When you spend your career writing about and therefore living off celebrities you tread a very narrow line if you turn on them. Welcome to my very narrow line.
On one side of the line is the right for all celebrities to be someone people recognise. Work on the tele, talk on the radio, star in a movie, read the news, learn to dance. Talk about these things in the magazines and give us some inside information on your personal life because people find you inspirational. They feel they own you and your star shines a little light on their ordinary lives. That’s celebrity culture and something I will always defend for its right to have a positive influence on people. I will also defend celebrities like Jools Topp to talk about her breast cancer and John Kirwan to talk about his depression. They are talking about their own experience of these issues.
But the other side of the line is where celebrities should not tread. Putting themselves out there to discuss issues they are not qualified to talk about, such as child abuse. There are doctors, social workers and Plunket nurses to do that. People who have actually met abusers and their victims and therefore have a reasonable understanding of why these atrocities happen and how one could go about starting to fix them. You don’t find many child abuse cases at a Trelise Cooper children’s fashion show. Well not the kind you read about in the paper anyway.
Celebrities do not own the exclusive rights to expressing their anger and concern either. We all have that in spades and don’t particularly need to watch them parroting how we feel on television. We have mirrors. If they have answers because their charity has invested its funds into research then let’s hear them, we’re interested. But don’t wring hands and talk about your embarrassment and the fact that you don’t know or don’t care about “the Maori problem.”
Recently we’ve seen celebrities emerge from behind their glamour and carefully maintained images to “protest.” Christine Rankin and her team of yummy mummies had the relatively easy job of turning up and saying nothing for three minutes to show their concern about child abuse. I was so deeply affected I went to Christine’s charity For the Sake of Our Children Trust on the net to see what I could do to help. I was encouraged to talk about the problem with friends and politicians, to sign up to the charity and get others to as well, to report incidences of child abuse and to become a positive role model. Who had any idea it was so easy to solve the child abuse problem?

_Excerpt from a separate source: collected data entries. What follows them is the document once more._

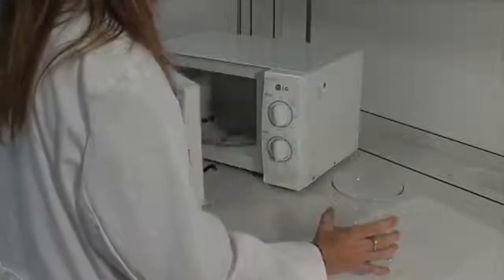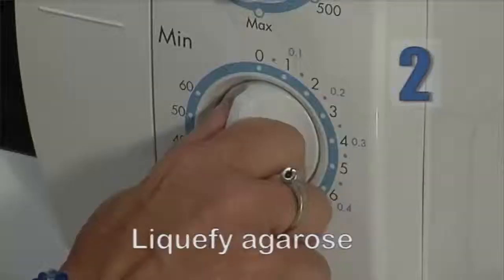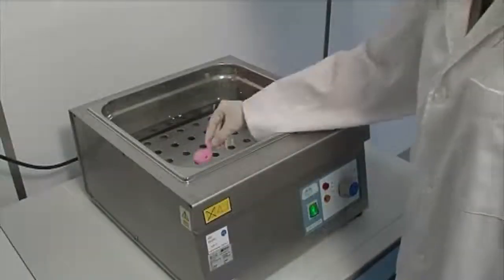Heat the Eppendorf tubes in the microwave for 2 minutes at maximum power to liquefy the agarose. Alternatively, place the tubes in a water bath with boiling water for 5 minutes.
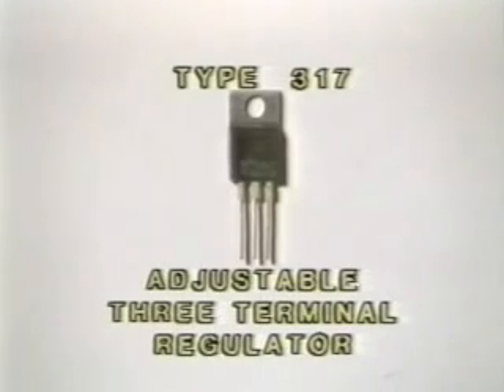Some types of three-terminal regulators are adjustable. This is the type 317 adjustable three-terminal regulator. The adjustable regulator is used where the manufacturer of the game needs an output voltage other than the fixed 5, 12, or 15-volt output of the regulators we just looked at.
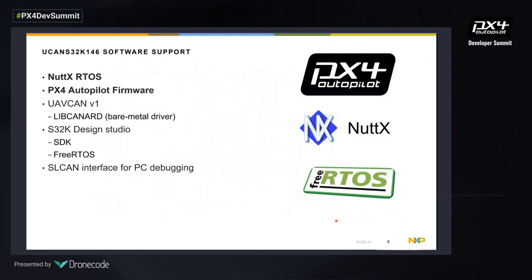The software support for the UCAN S32K board includes NuttX RTOS, and on top of that we can run PX4 autopilot firmware — that's the main focus of today's talk. We also support UAV CAN directly through bare metal. With the board we provide S32K Design Studio, an SDK for playing with drivers, and the possibility for a FreeRTOS solution. We also have an SL CAN interface for PC debugging, so we can hook the reference design board to a PC to debug CAN data.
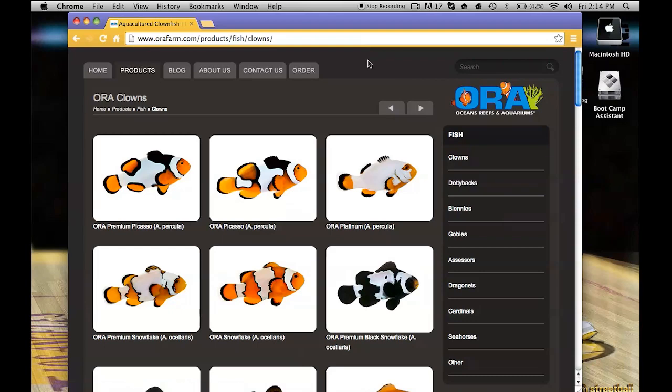So basically, the process is quite simple. Let's say you want this platinum clown. You go to the fish store and say, can you order me a pair of platinum clownfish from ORA? They'll say sure and order them, and they'll tell you right there it's going to take about two weeks for the clowns to come in. You give them your number and the fish store will call you when the clownfish come in.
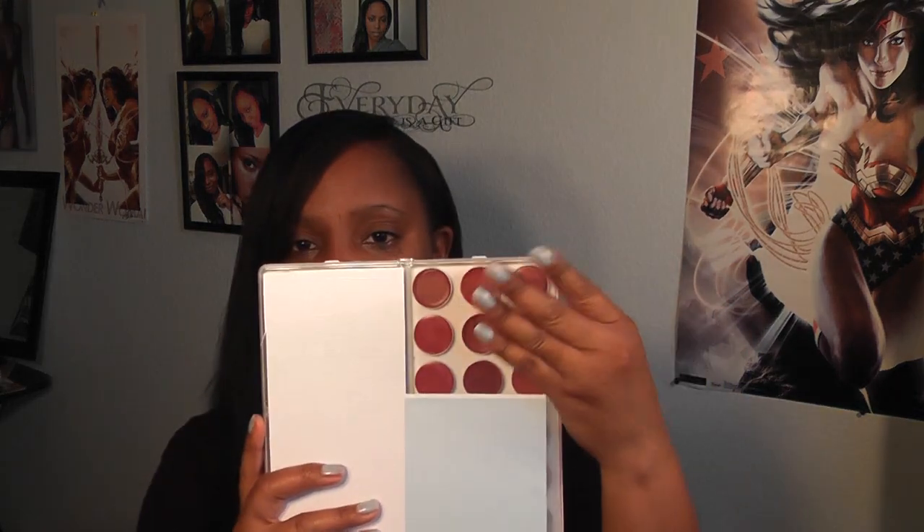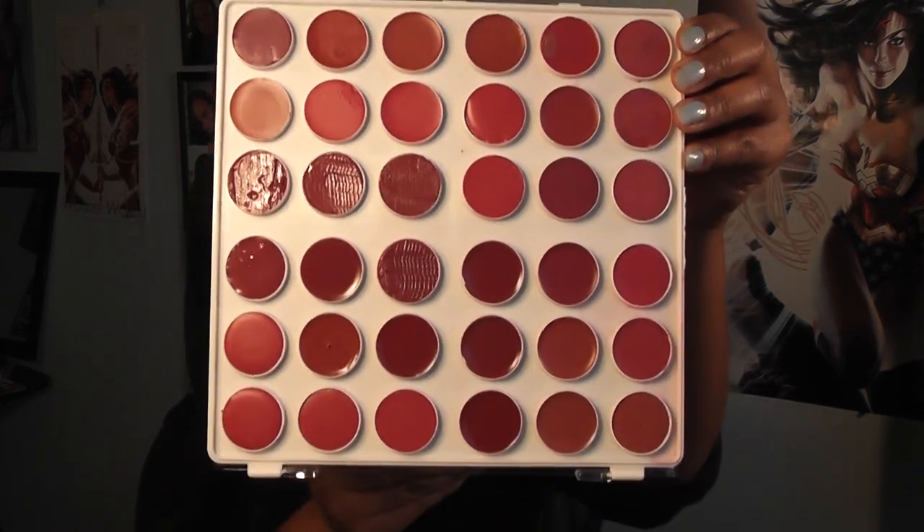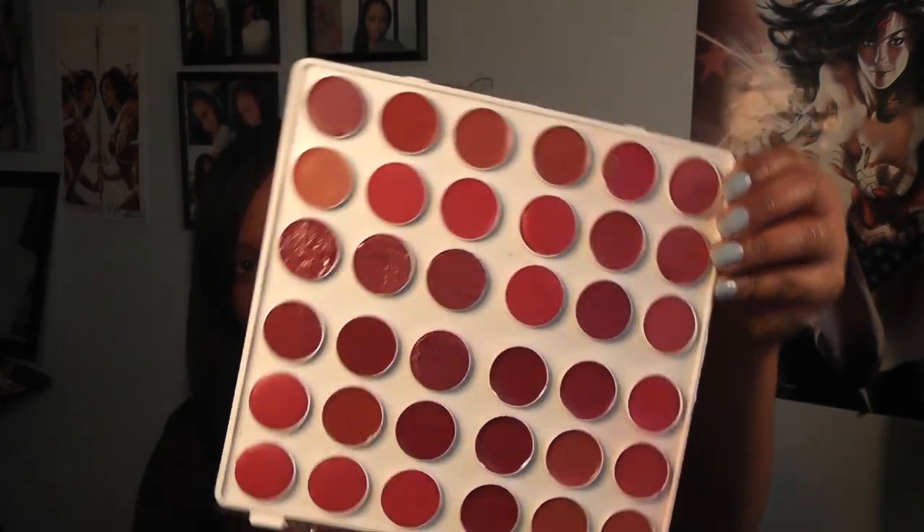So this is what it looks like — it has a clear front and a white backing. I put decorative paper in the front because I'm going to decorate it. I melted everything down using some really cool tools. This one has more of the pinks, reds, and plums in it.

Jonah Lomu recently reminded us to remind our power supplier if we might die if the electricity was turned off. Ta, Jonah. And let’s not forget Breast Cancer Awareness week when celebrities find a friend’s mother who once had a lump removed and recall the pain and agony this knowledge inflicted on them when they found out.
Some might suggest that celebrity wagons are being hitched to such shocking and disturbing issues as child abuse as a way of fleshing out their brand and getting them some much needed coverage. I prefer to see it as a misguided attempt on their part to use their celebrity status to draw attention to a cause they know little about. “If just one person stops beating a child because I’m embarrassed and I think it’s a Maori problem then it’s worth it because then I’ll feel better.” That might work for the correct way to put out a fire or not be killed on a railway crossing but child abuse? Such an endemic, historic, complex issue, will not be fixed by the stroke of a celebrity highlighter.
Celebrity causes are not new. Brigdet Bardot has devoted her life to saving little animals, Angelina Jolie’s work inflicting media intrusion on unsuspecting orphans is well documented and Diana Princess of Hearts tiptoed around a few land mines in her time.
But people are still cruel to animals, children are still suffering and people are still being blown up by landmines.
And Christine Rankin gets more news coverage for the alleged firing of a TVNZ security guard who challenged her racist views, than providing any useful suggestions for this nation’s child abuse recovery.